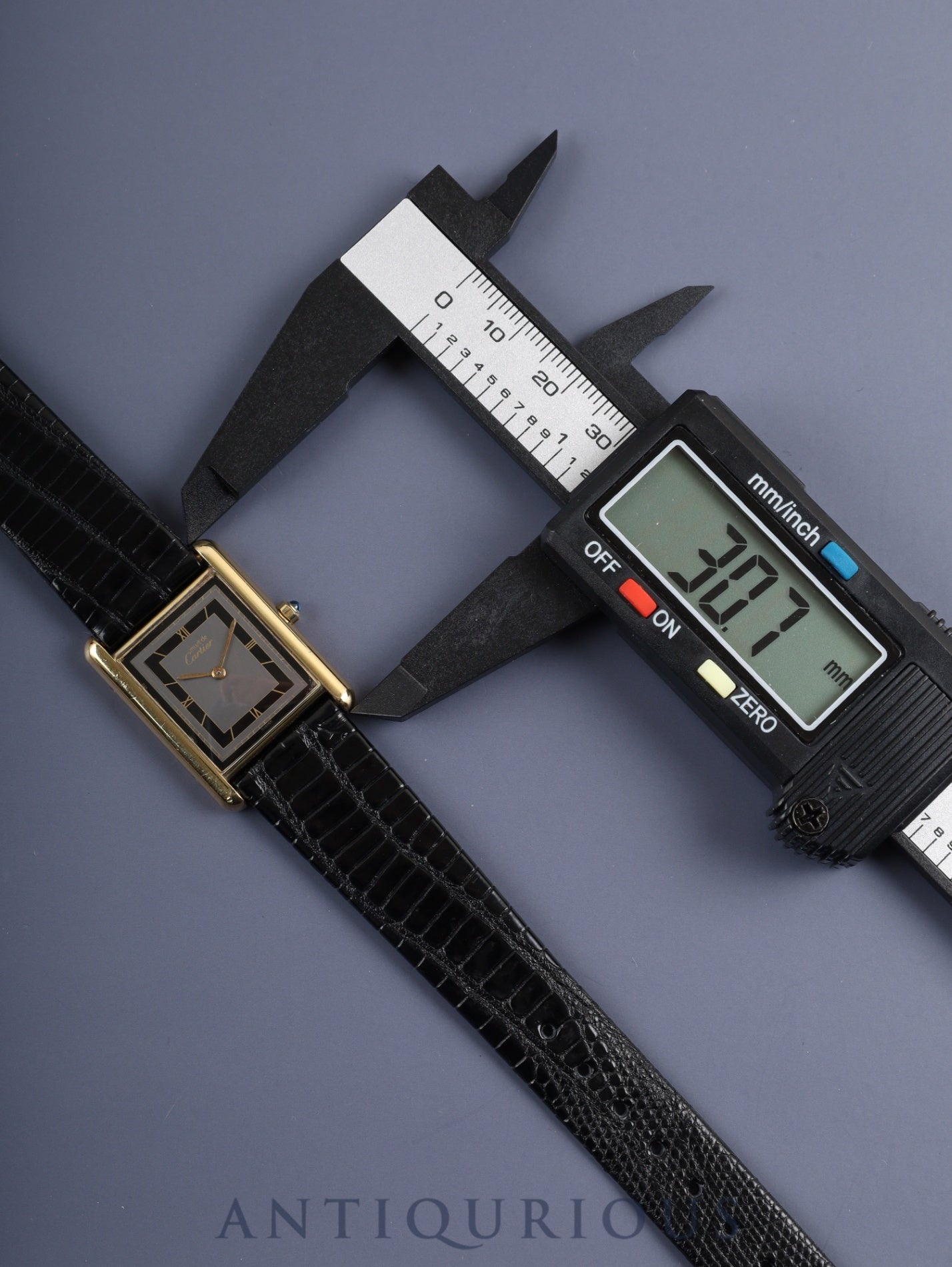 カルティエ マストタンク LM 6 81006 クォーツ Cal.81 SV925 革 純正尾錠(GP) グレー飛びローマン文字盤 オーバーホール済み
——
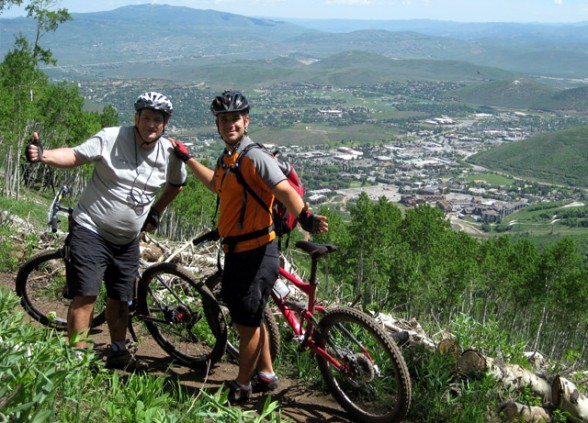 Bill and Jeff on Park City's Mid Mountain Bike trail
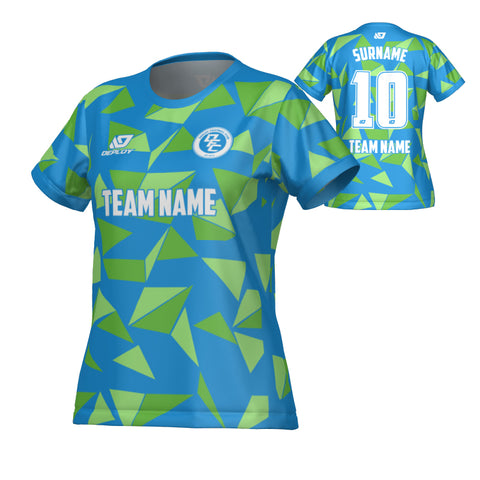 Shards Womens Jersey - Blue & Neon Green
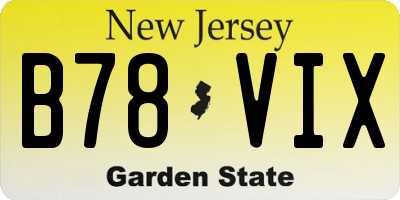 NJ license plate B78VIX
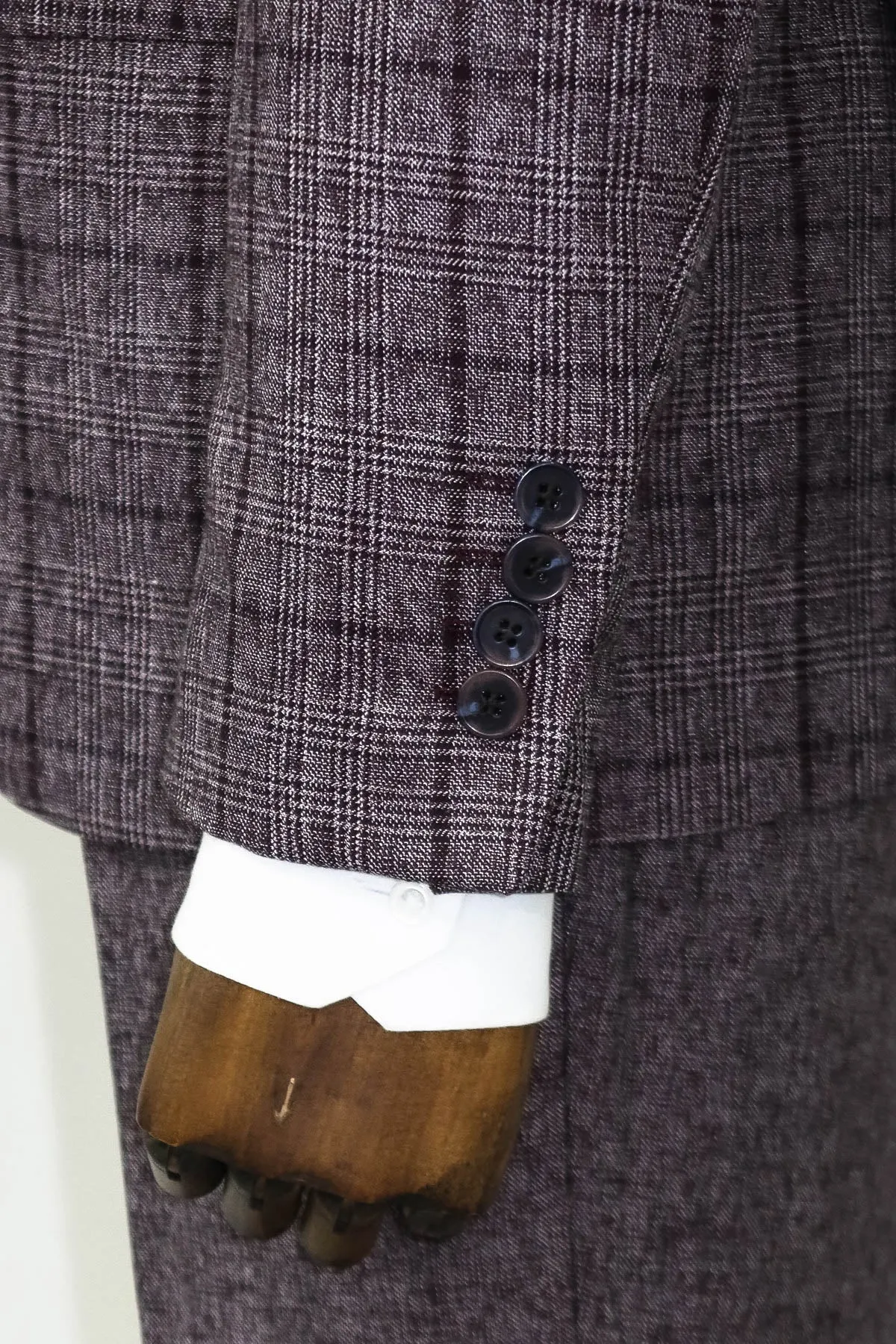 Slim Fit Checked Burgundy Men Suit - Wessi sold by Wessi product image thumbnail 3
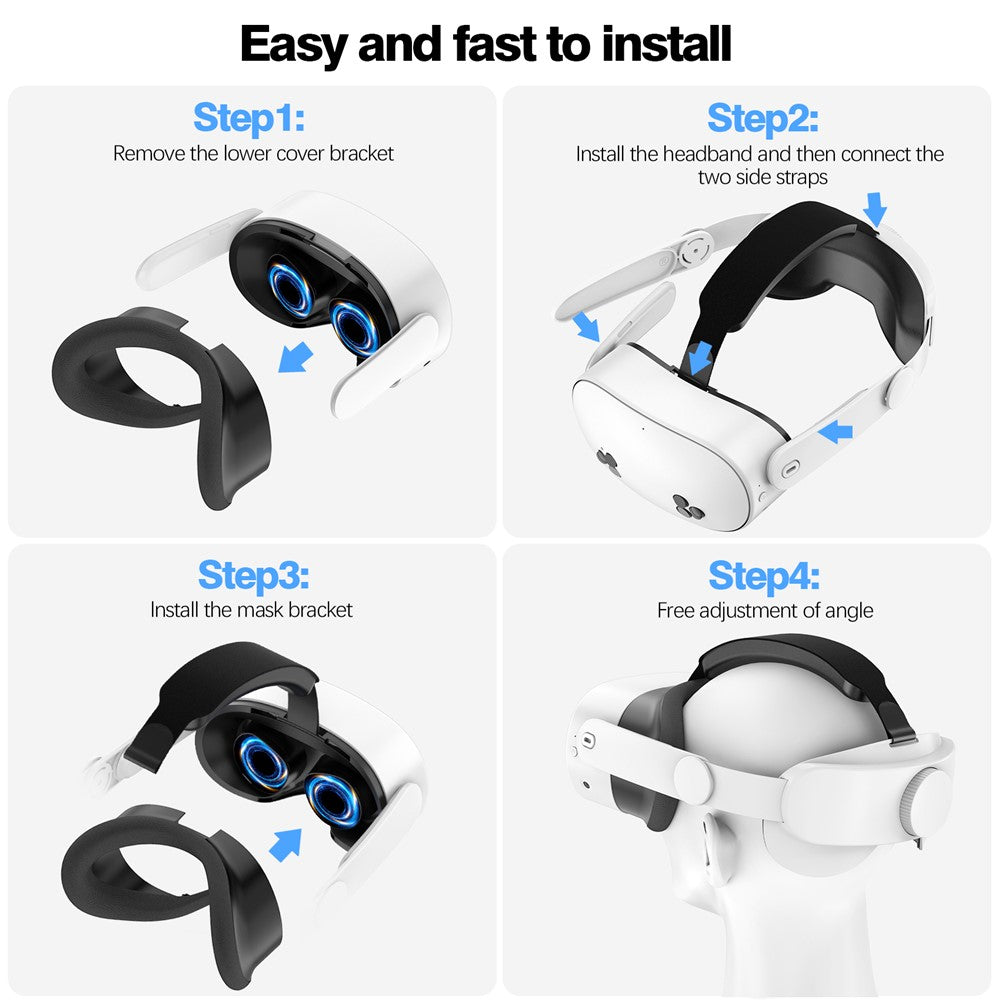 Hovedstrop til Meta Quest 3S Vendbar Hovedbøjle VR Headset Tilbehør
——
**To do:** What belongs in the answer is each line above from the line with "Shards Womens Jersey - Blue & Neon Green" to the line with "Hovedstrop til Meta", inclusive, reproduced exactly and free of pictures.

**Written answer:**
 Shards Womens Jersey - Blue & Neon Green
 NJ license plate B78VIX
 Slim Fit Checked Burgundy Men Suit - Wessi sold by Wessi product image thumbnail 3
 Hovedstrop til Meta Quest 3S Vendbar Hovedbøjle VR Headset Tilbehør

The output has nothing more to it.